Required action: What you should give back is a precise copy of the lines below from the one containing "clean, edit and" through the one containing "Białostoczanka, która jeździ", with no pictures.

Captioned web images
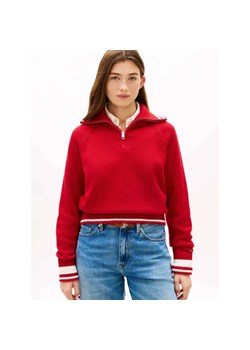 Tommy Hilfiger Sweter VARSITY | Loose fit ze sklepu Gomez Fashion Store w kategorii Swetry damskie - zdjęcie 188885677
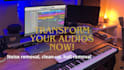 clean, edit and enhance your audio professionally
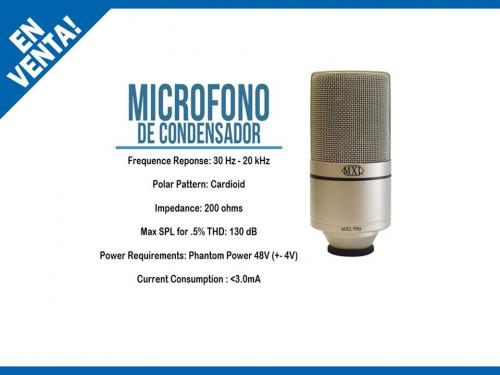 Vendo micrófono de condensador profesional c - Imagen 2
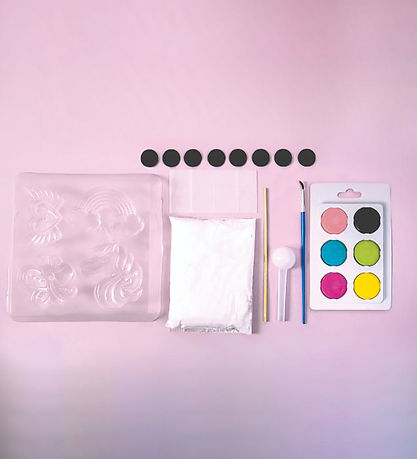 Playbox Plaster set - Unicorns w. Magnets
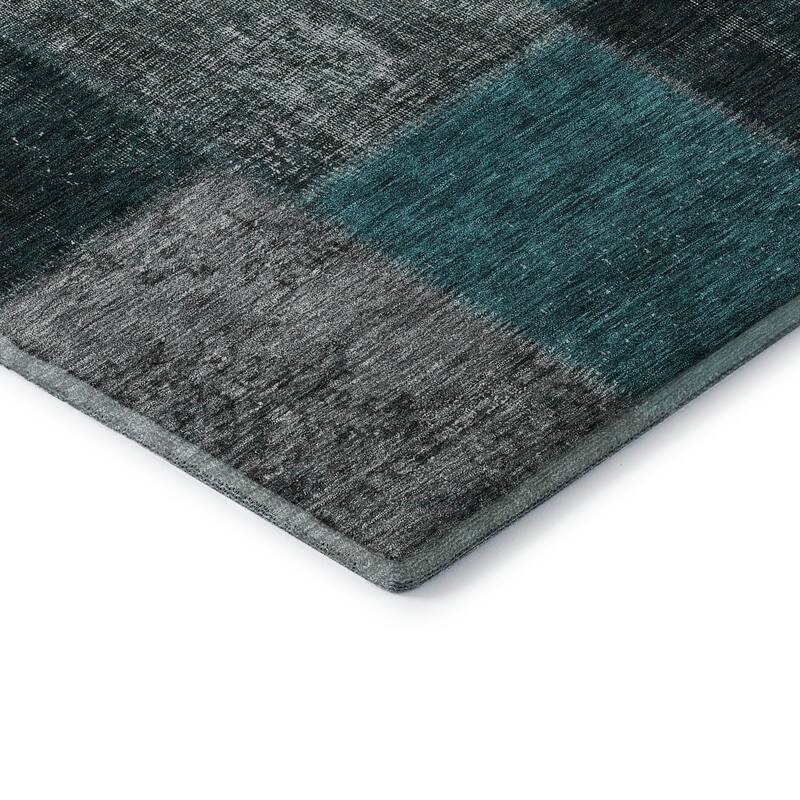 Premium Washable Super Soft Vintage Global Mayfield Rug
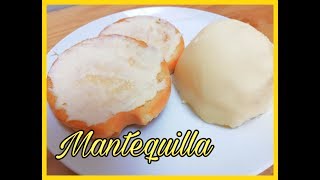 como se hace la mantequilla  FÁCIL Y RÁPIDO  dulceysalado [upl. by Ophelia697]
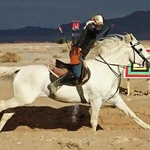 Białostoczanka, która jeździ konno i strzela z łuku, pokazała klasę w odległym Iranie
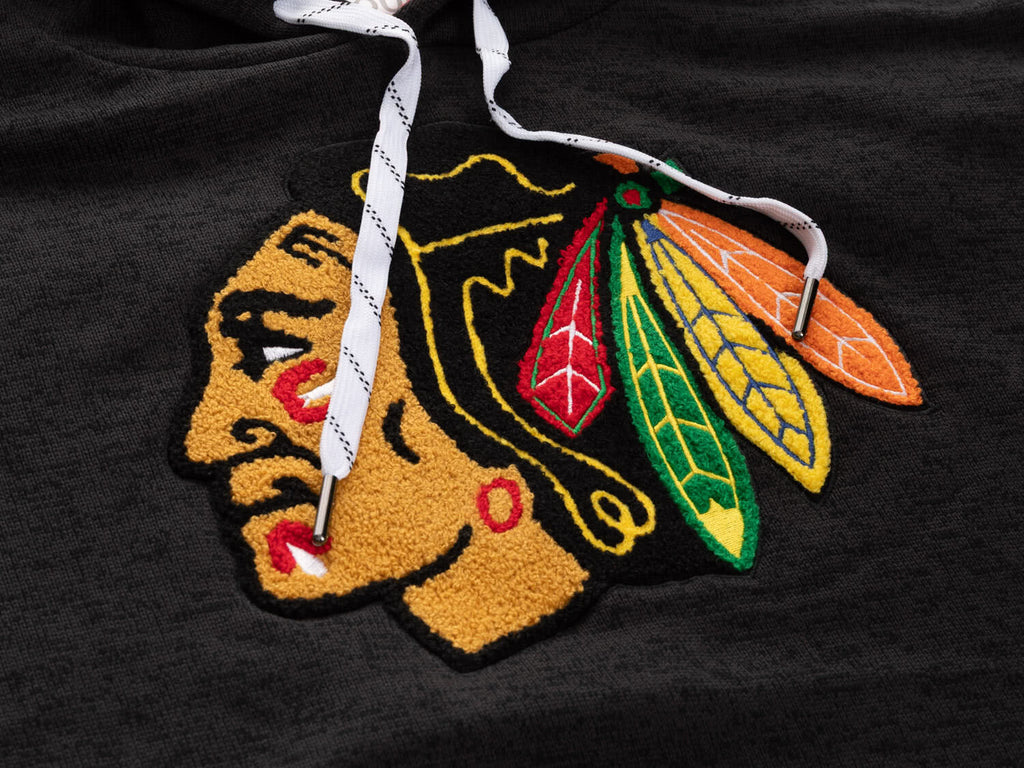 Chicago Blackhawks Muskoka Hoodie -Black Edition - Shopthatapp.ca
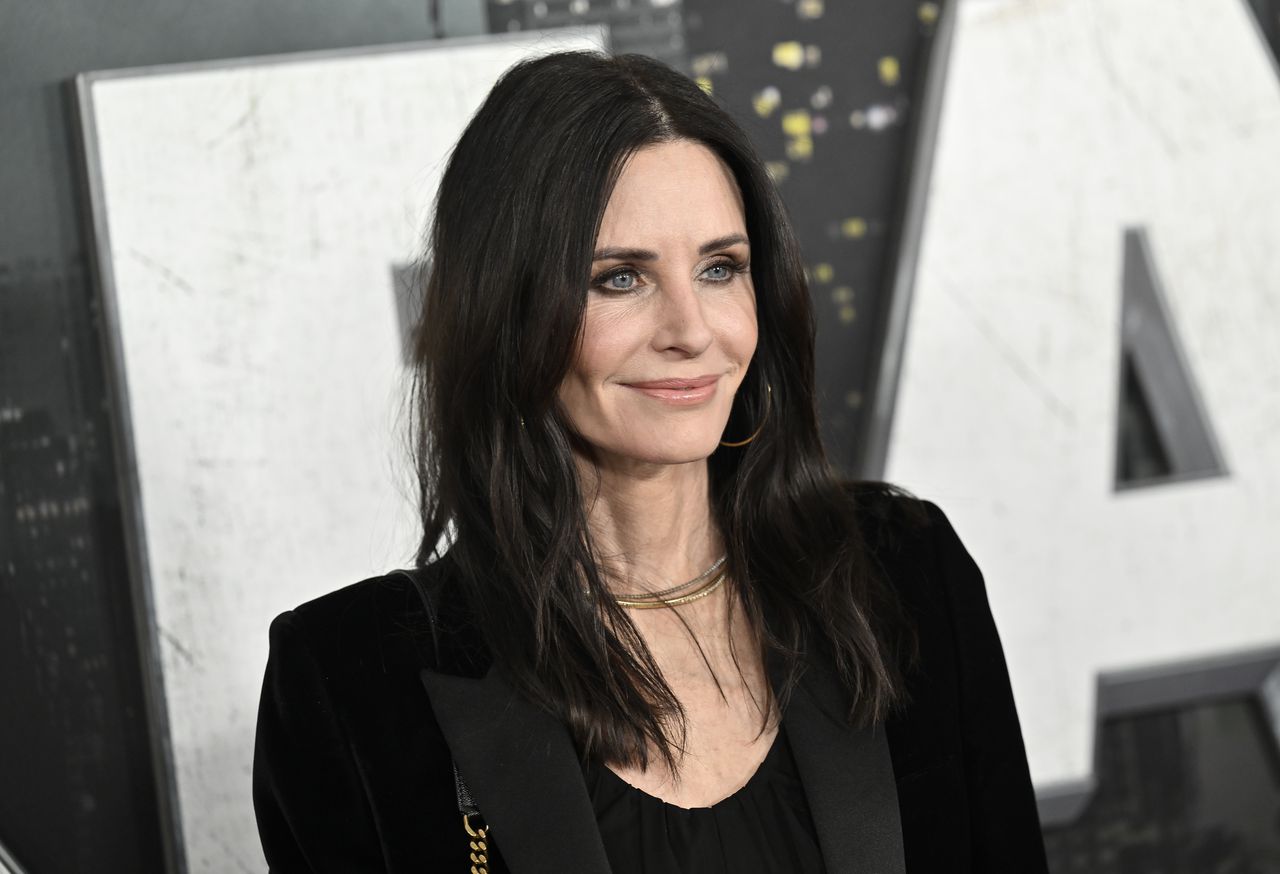 Courteney Cox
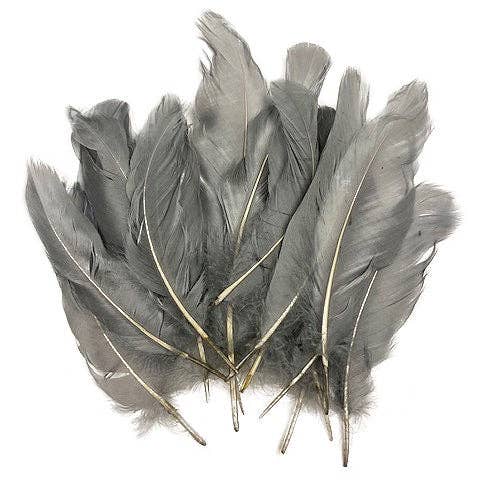 Loose Goose Satinettes Dyed - Silver and other Purchase Wholesale goose down filling 850. Free Returns & Net 60 Terms on Faire trending on Faire.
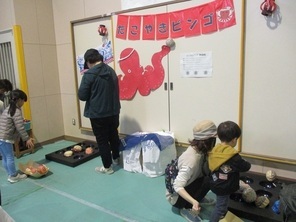 たこやきビンゴゲームの写真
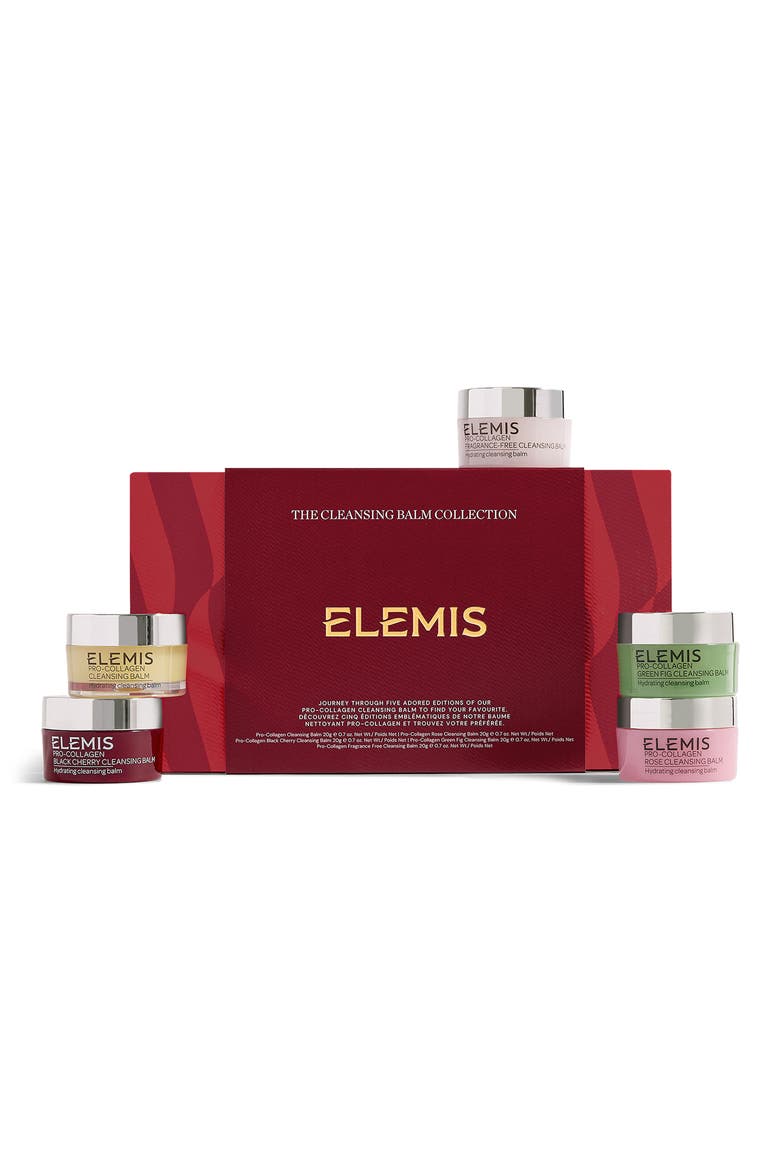 The Cleansing Balm Collection 5-Piece Set $95 Value, Main, color, NO COLOR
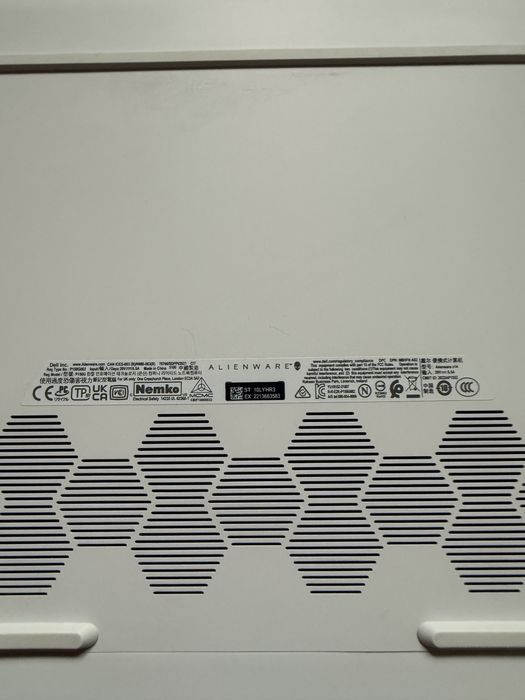 Dell Alienware X14 i7-12700H 16Gb 512 SSD RTX 3050Ti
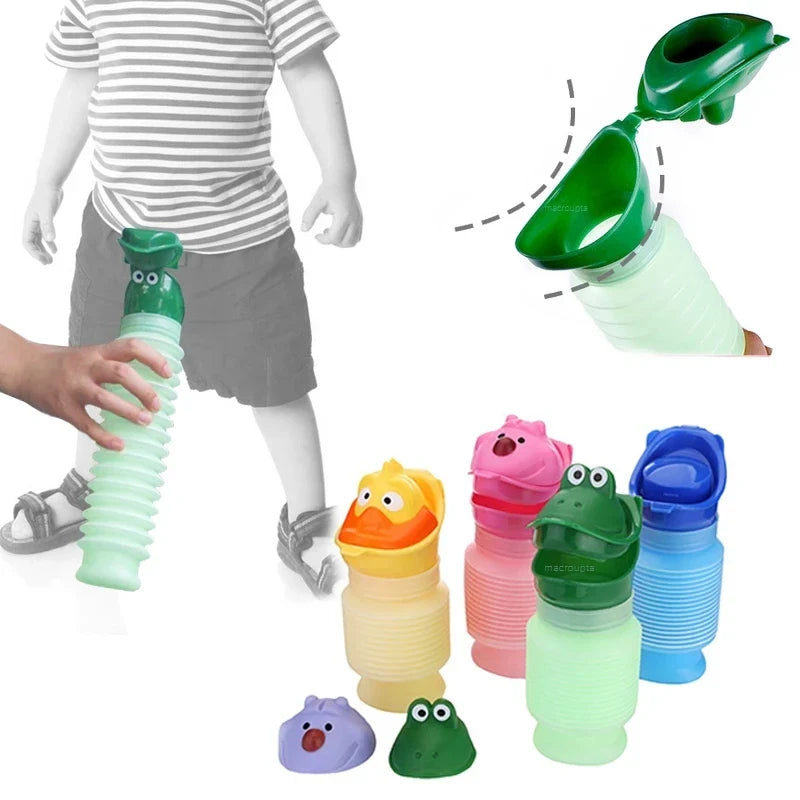 Emergency Travel Portable Reusable Kids Camping Toilet - Image 1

Response to the exercise:
 clean, edit and enhance your audio professionally
 Vendo micrófono de condensador profesional c - Imagen 2
 Playbox Plaster set - Unicorns w. Magnets
 Premium Washable Super Soft Vintage Global Mayfield Rug
 como se hace la mantequilla  FÁCIL Y RÁPIDO  dulceysalado [upl. by Ophelia697]
 Białostoczanka, która jeździ konno i strzela z łuku, pokazała klasę w odległym Iranie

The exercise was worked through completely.